As leaders who are most knowledgeable about healthcare delivery, hospital administrators should help educate people in their communities and elected officials on key issues. Avoiding that duty can cause crises.
Itasca Medical Center was facing a crisis in the mid-'90s. The 84-bed county-owned and -governed hospital is in Grand Rapids, Minn., which has a population of 7,500 and is located in Itasca County. The county has a population of 40,000 and is larger than Rhode Island. The closest tertiary medical facility to Grand Rapids is 80 miles away.
Among the problems at Itasca Medical Center was its age. The core facility was built in 1916, and several incongruous expansions had been added over the years. The building was inadequate and needed to be replaced. But in 1994, voters turned down a bond referendum to modernize it.
In early 1995, the hospital projected its first budgeted loss. The cost of care was higher than at facilities of comparable size. Although the hospital was geographically isolated, it faced competition from other providers in the region and the state.
In addition to Itasca's financial troubles, the county board and physicians distrusted each other. Doctors thought board governance was politically motivated. And board members thought that if they didn't keep tabs on physicians, the doctors would do something wrong.
Furthermore, most employees belonged to one of three unions. Each had rules that reduced the hospital's flexibility and incurred extra costs. For example, a worker who came in on a weekend to change a light bulb had to be paid for a full eight hours.
Another major problem was that many area residents were leaving the community for care-perhaps because they thought the facility's structural problems indicated quality problems inside.
That migration caused the business community to worry that the hospital might fail, which would affect economic development in the community.
One option would have been for the county to create a truly independent board that could focus objectively on what was best for the hospital. But the county was unwilling-and perhaps unable-to do that.
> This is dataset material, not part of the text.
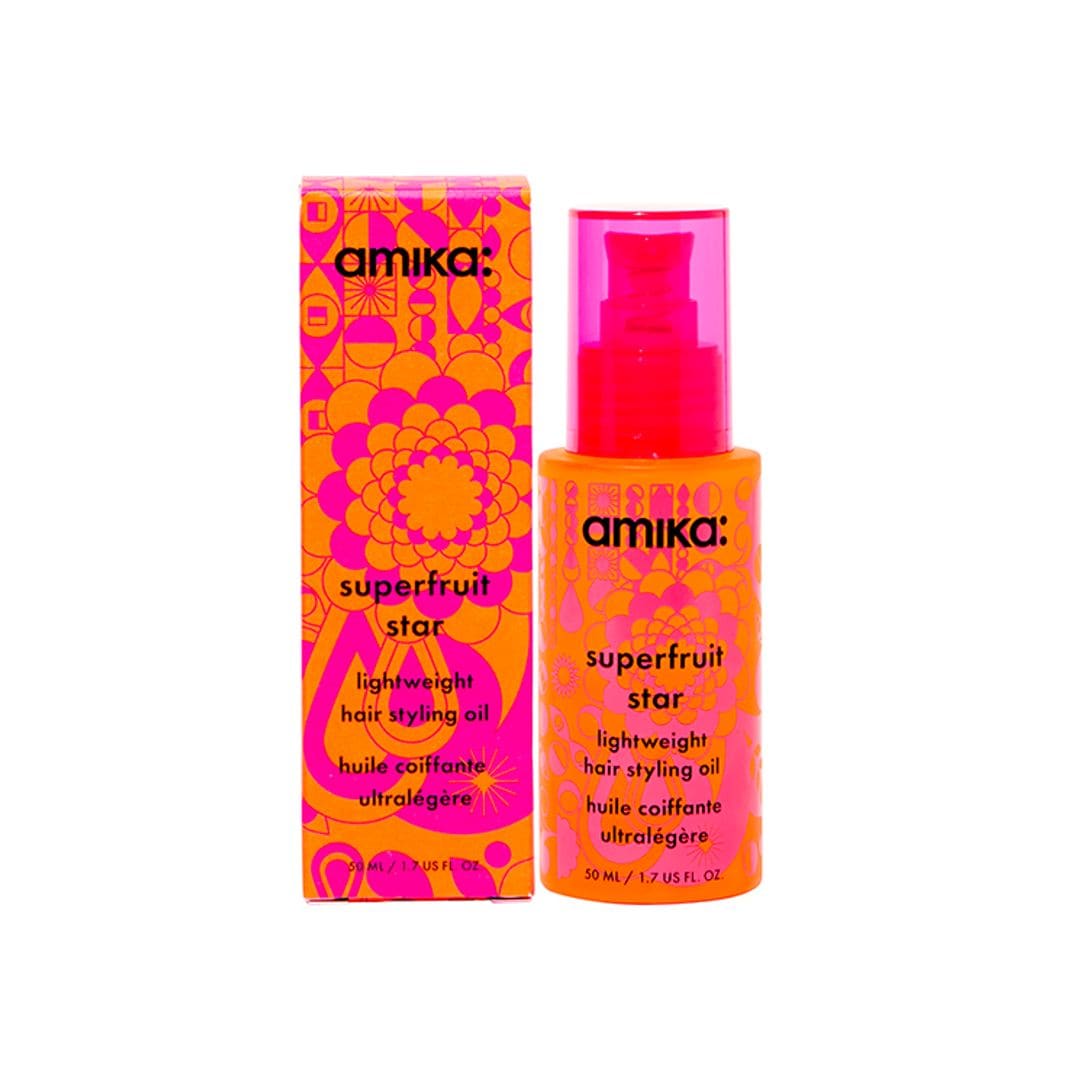 Superfruit Star, de Amika (36 euros en Sephora), es un aceite ultraligero a base de superfrutas que fortalece x7 el cabello, lo suaviza y reduce en un 86% la fragilidad.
The board didn't listen to a task force it had appointed, which recommended an immediate change in ownership and governance.
All those problems caused physicians, business leaders and community leaders to form a group to explore conversion to a 501(c)(3) not-for-profit hospital.
As the group, which was eventually called Itasca Health Systems, worked to advance its cause, its membership grew from six to 1,100. But it made some mistakes, such as under-estimating the political nature of its mission. As a result, IHS members faced public rejection by the county commissioners at an open county board meeting in early 1995.
After that, IHS retrenched, developing goals for a countywide integrated delivery system and communicating the need for such a change.
Because there were two smaller hospitals in Itasca County, IHS knew Itasca Medical Center would have to deal with the county's total healthcare needs to be competitive. Studies had shown countywide problems with alcohol, heart disease and juvenile delinquency, so those problems needed to be addressed.
IHS knew it needed funds for legal help, market research, public meetings and financial consulting, among other activities. Seed money was contributed by 50 business leaders, each of whom gave $100. IHS also submitted a proposal to the local Blandin Foundation, which deals with rural issues, including healthcare. It too contributed to the cause.
Community members joined IHS on their own and attended public hearings. They also donated money to publish a large newspaper ad telling elected officials that they wanted a not-for-profit, locally controlled hospital, and they didn't want the county board to accept a bid from a for-profit hospital chain in Texas.
This citizen involvement came at a key point in the county board's deliberations and convinced board members that the hospital would be the main issue in an upcoming election.
In early 1996, the county extended a public request for proposals to buy the hospital.
IHS realized it needed a strong partner with a compatible mission to respond to the RFP, help turn the hospital around and provide capital. The group invited several systems to present bids.
Three large regional systems-Allina Health System, based in Minneapolis, and Benedictine Health System and St. Mary's/Duluth Clinic Health System, both based in Duluth, Minn.-joined to submit one bid and were selected.
Benedictine and St. Mary's were natural choices because most local physician referrals were to their facilities. Allina fit because of its partnership with a hospital that has expertise in treating heart disease.
Negotiations with the county centered on transitional issues: how hospital employees would be protected, how much time and money would be devoted to the replacement facility and how the county's debts would be handled.
After nine months of negotiation, hospital ownership was transferred to a local 501(c)(3) organization on May 1, 1997.
Since the hospital's ownership changed, the local board has negotiated contracts with three unions, supported an administration that has turned financial problems into positive earnings and started planning a replacement hospital.
The community has a better understanding of the environment in which rural hospitals operate, the needs of an old hospital and the benefits of partnering with regional systems.
Bast is vice president of Health Dimensions Consulting Group, Minneapolis. He worked on the conversion of Itasca Medical Center.